* What the exercise asks: Render every line of the data exactly as written, and leave out the pictures.

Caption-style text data
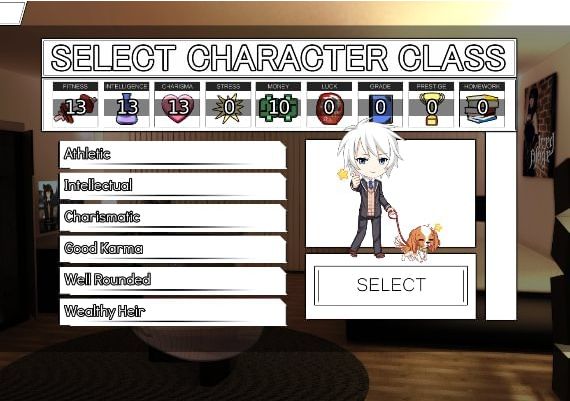 Sunrider Academy EN Global Steam Digital Key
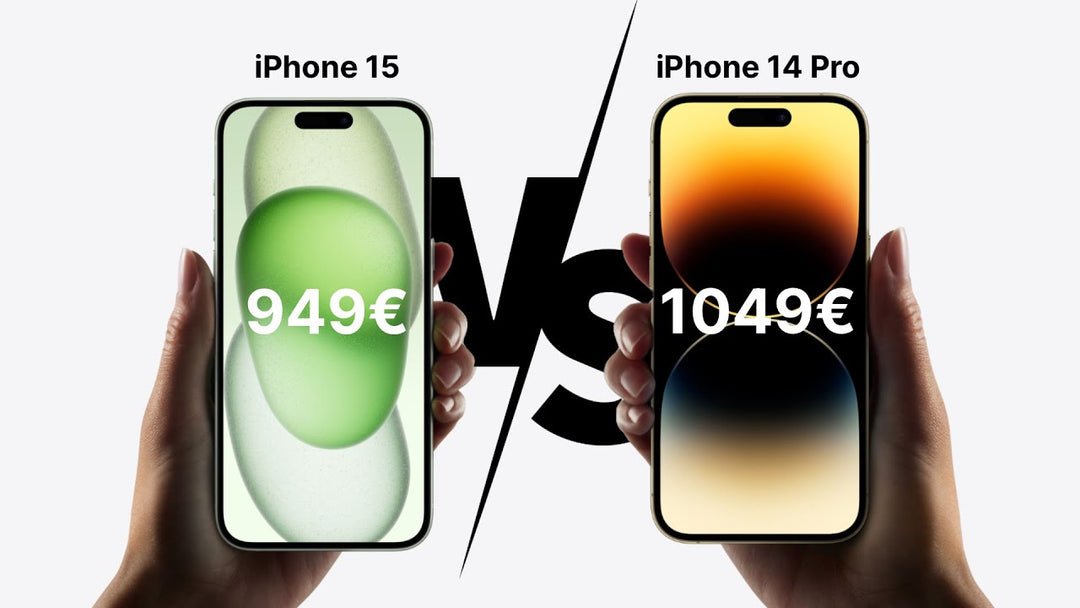 iPhone 15 oder iPhone 14 Pro: Das musst du vor dem Kauf wissen!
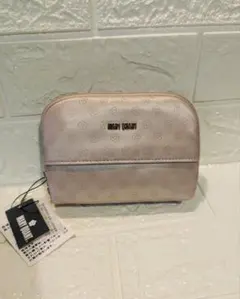 MARY QUANT デイジー柄 ポーチ ティッシュポーチ☆マリークワントタグ付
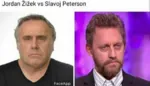 faceswap jordan_peterson slavoj_zizek slovenia sniff // 947x540 // 864KB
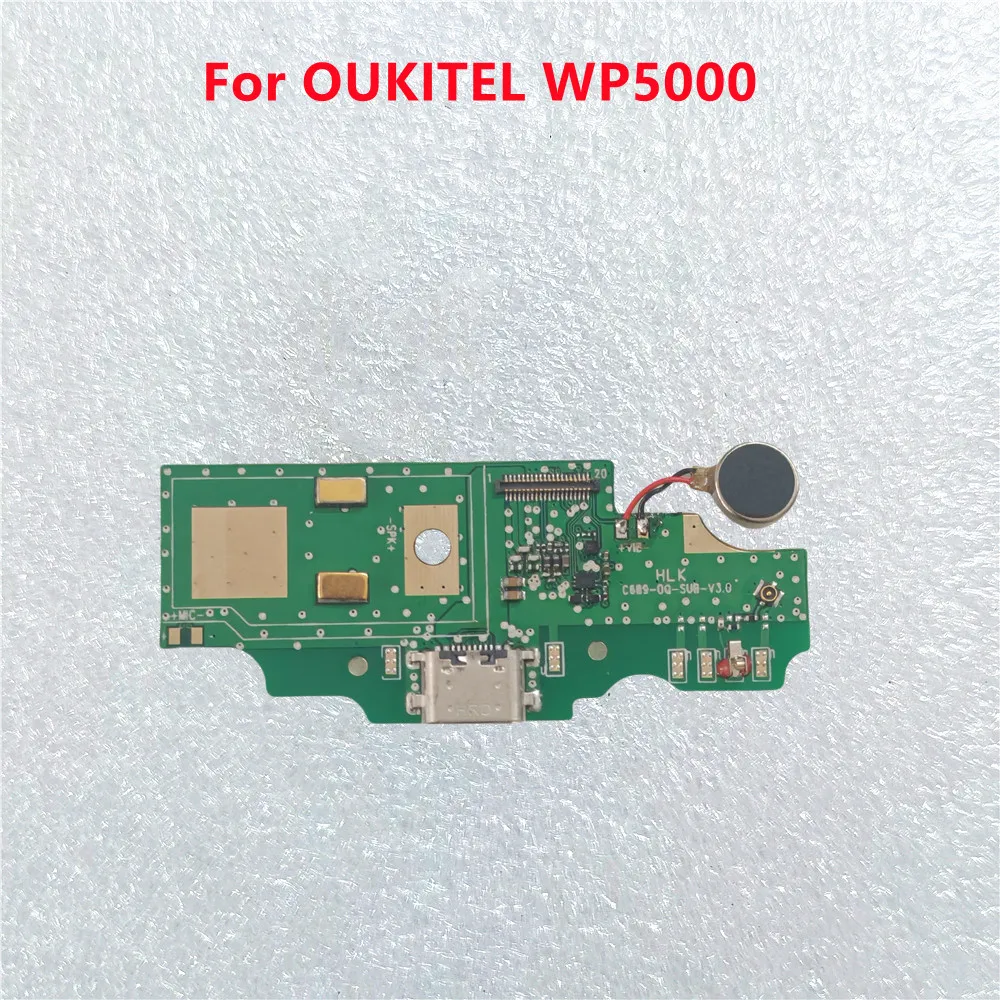 

Pop для Oukitel WP5000 USB зарядная док-станция порт плата зарядный порт материнская плата подключение гибкий кабель ремонт телефона замена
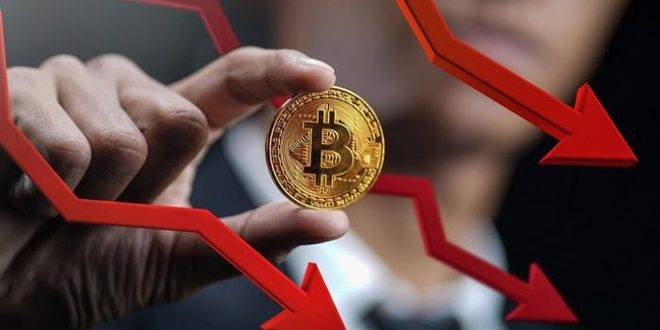 العملات المشفرة تسجل المزيد من الخسائر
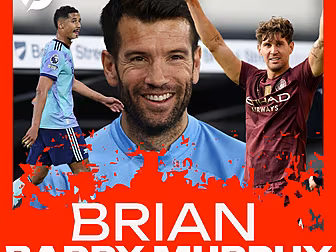 Brian Barry-Murphy: Pep's infl...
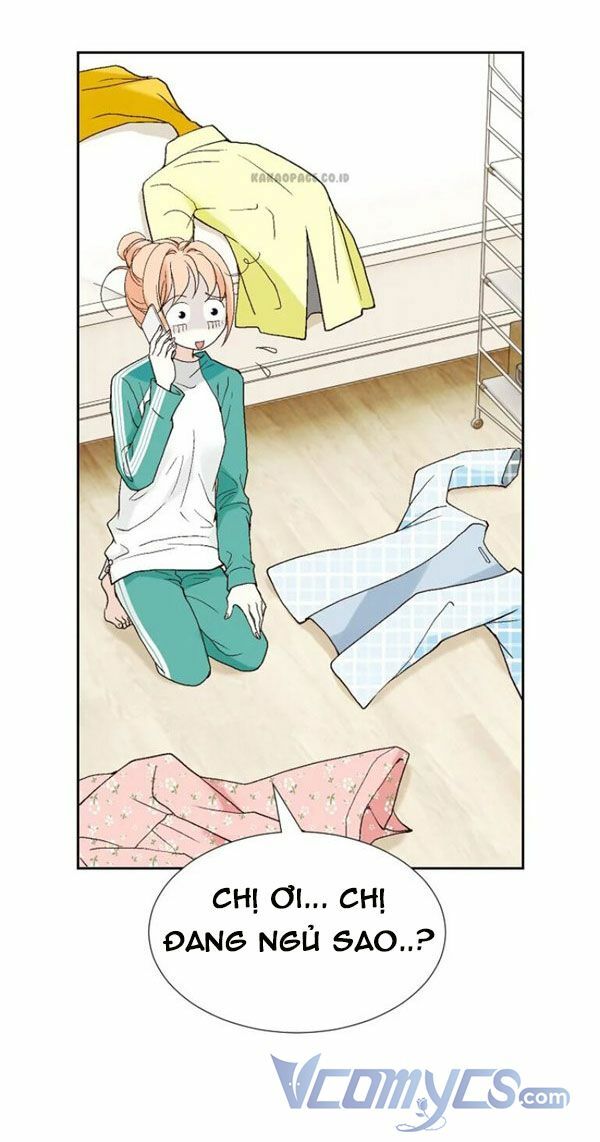 lee bom, em là của anh chapter 45 31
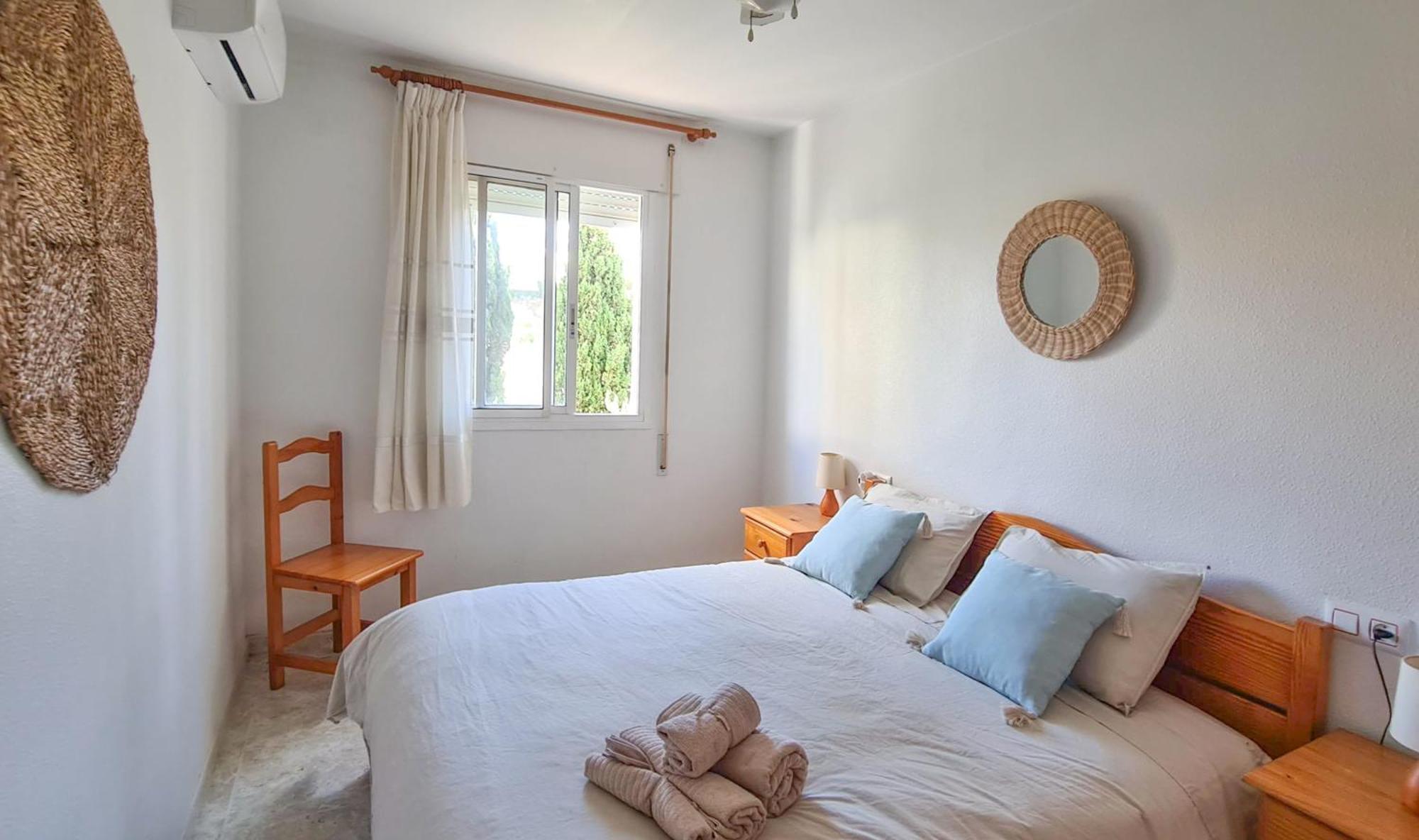 Garden Vistas. Hermoso Duplex Con Patio, Solarium Y Piscina. Вера Екстериор снимка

* Output of the exercise:
 Sunrider Academy EN Global Steam Digital Key
 iPhone 15 oder iPhone 14 Pro: Das musst du vor dem Kauf wissen!
 MARY QUANT デイジー柄 ポーチ ティッシュポーチ☆マリークワントタグ付
 faceswap jordan_peterson slavoj_zizek slovenia sniff // 947x540 // 864KB

Pop для Oukitel WP5000 USB зарядная док-станция порт плата зарядный порт материнская плата подключение гибкий кабель ремонт телефона замена
 العملات المشفرة تسجل المزيد من الخسائر
 Brian Barry-Murphy: Pep's infl...
 lee bom, em là của anh chapter 45 31
 Garden Vistas. Hermoso Duplex Con Patio, Solarium Y Piscina. Вера Екстериор снимка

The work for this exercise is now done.